Introduction and Construction method of RabbitMQ High availability Cluster 04/16 Update SLTechnology News&Howtos

Introduction and Construction method of RabbitMQ High availability Cluster

2025-04-16 Update From: SLTechnology News&Howtos shulou NAV: SLTechnology News&Howtos > Development >

Shulou(Shulou.com)06/03 Report--

This article introduces the knowledge of "introduction and construction method of RabbitMQ high availability cluster". In the operation of actual cases, many people will encounter such a dilemma, so let the editor lead you to learn how to deal with these situations. I hope you can read it carefully and be able to achieve something!

Catalogue

A brief introduction to the cluster architecture

Second, ordinary cluster construction

2.1 each node installs RabbitMQ separately

2.2 add nodes to the cluster

2.3 Code demonstrates the problems of a general cluster

3. Image cluster

Fourth, the HAProxy environment is built.
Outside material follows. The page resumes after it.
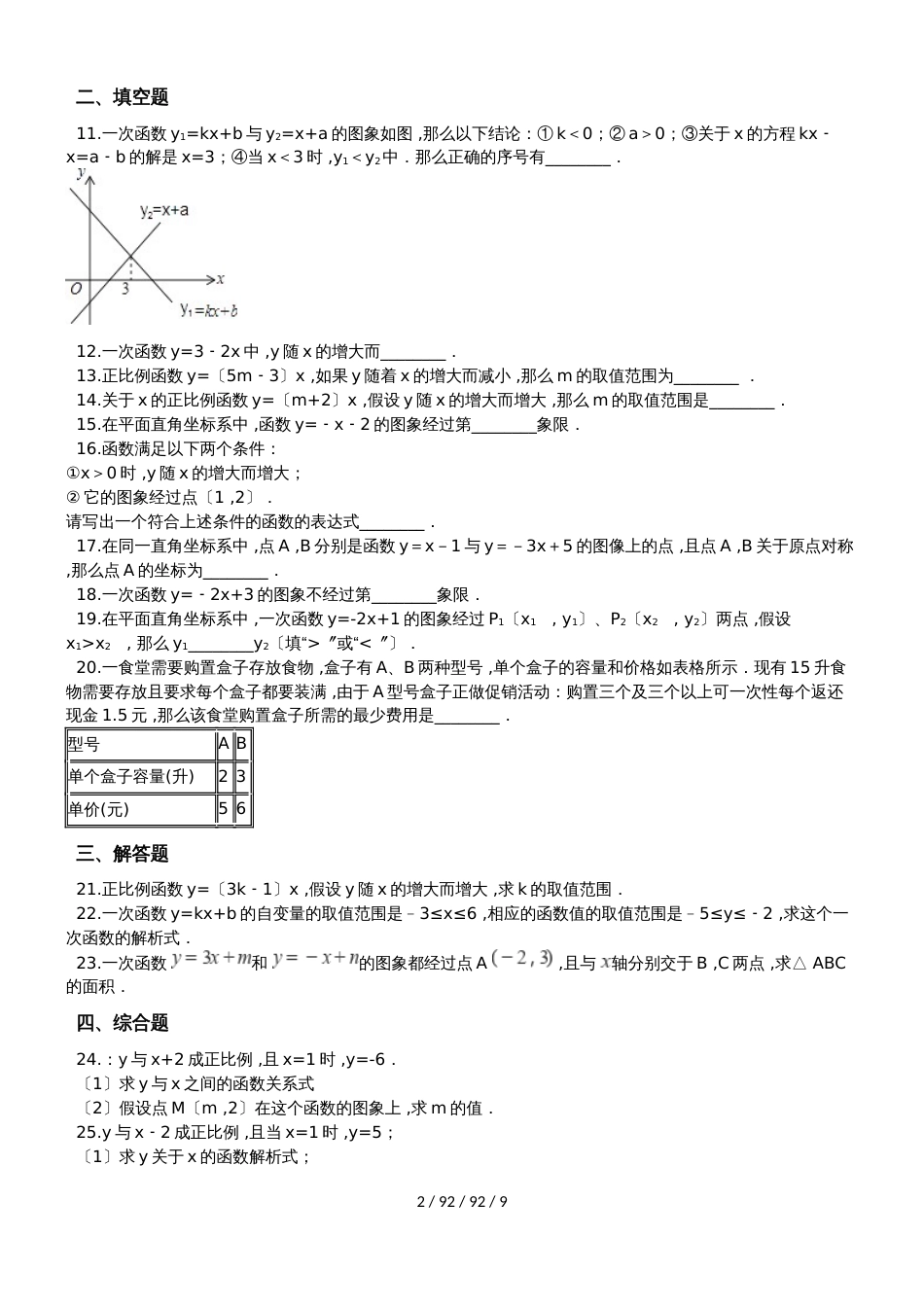 备战中考数学专题练习（2019人教版）一次函数的性质（含解析）_第2页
Fifth, build the KeepAlived environment

A brief introduction to the cluster architecture

When the message processing ability of a single RabbitMQ server reaches a bottleneck, it can be expanded through RabbitMQ cluster to achieve the purpose of improving throughput. A RabbitMQ cluster is a logical grouping of one or more nodes. Each node in the cluster is peer-to-peer, and each node shares all users, virtual hosts, queues, switches, binding relationships, runtime parameters and other distributed state information. A highly available, load-balanced RabbitMQ cluster architecture should be similar to the following figure:

Parsing instructions:

The lowest layer is the RabbitMQ cluster, which is an ordinary cluster when there is no ha image. The disadvantage of an ordinary cluster is that if a machine is hung up, the queue based on this machine cannot be used (there is only one node for the data of a queue), and high availability cannot be achieved.
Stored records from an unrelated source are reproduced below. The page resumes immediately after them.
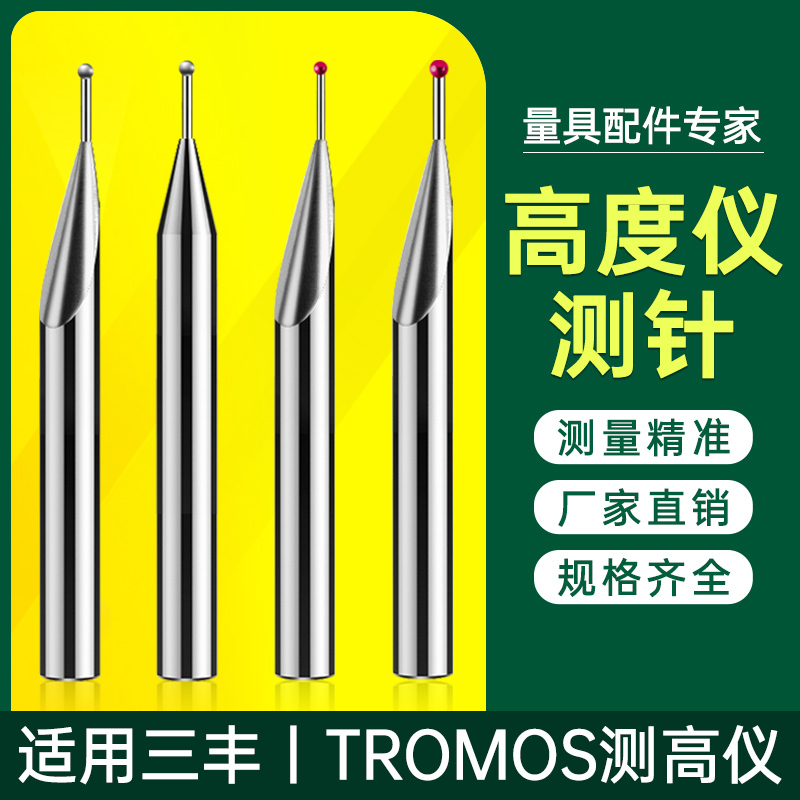 Altimeter Probe Ruby 1.0 Eccentric Probe Is Suitable for Mitutoyo Tesa Altimeter Probe Measurement Altimeter Probe Ruby 1.0 Eccentric Probe Is Suitable for Mitutoyo Tesa Altimeter Probe Measurement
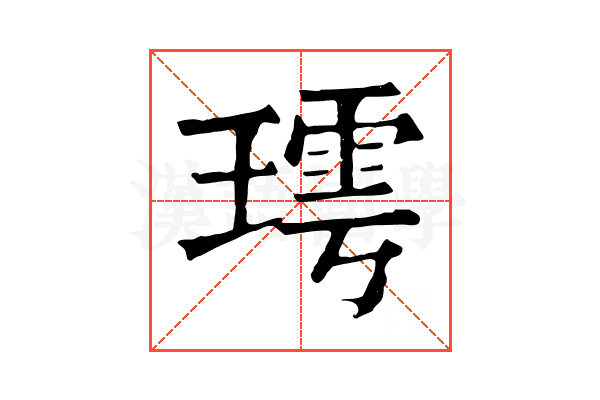 㻬 㻬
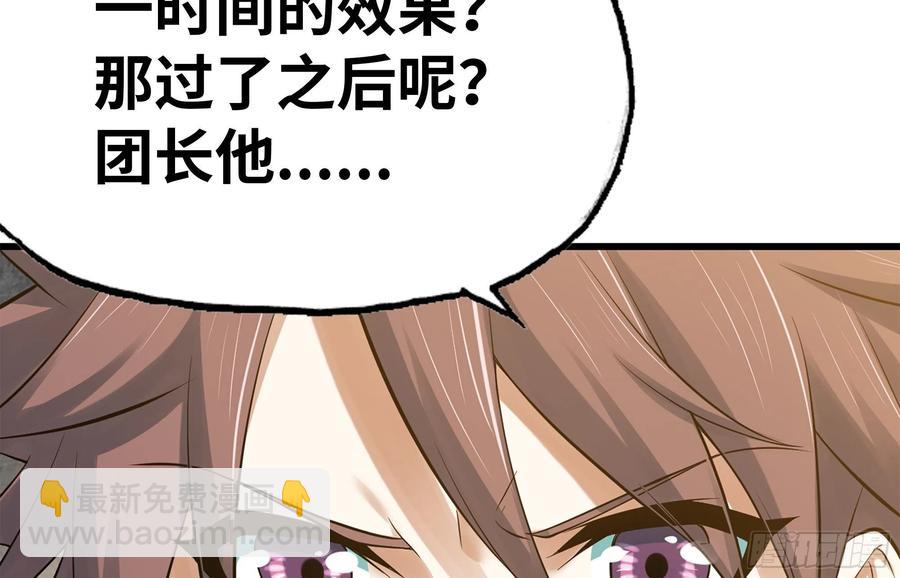 🍘我老婆是魔王大人 302- 戒指 第20页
So turn the queue into a mirror queue, so that each node will have a complete data, and the use of some nodes will not be affected, thus achieving high availability, but the RabbitMQ cluster itself does not achieve load balancing, that is to say, for a three-node cluster

The load on each node may be different.

The function of HAProxy layer is to achieve load balancing of RabbitMQ cluster, but one node is obviously not highly available, so we need two HAProxy to achieve high availability of HaProxy, but can not achieve automatic failover, that is, HAProxy1 is down.

You need to manually change the ip address to HAProxy2.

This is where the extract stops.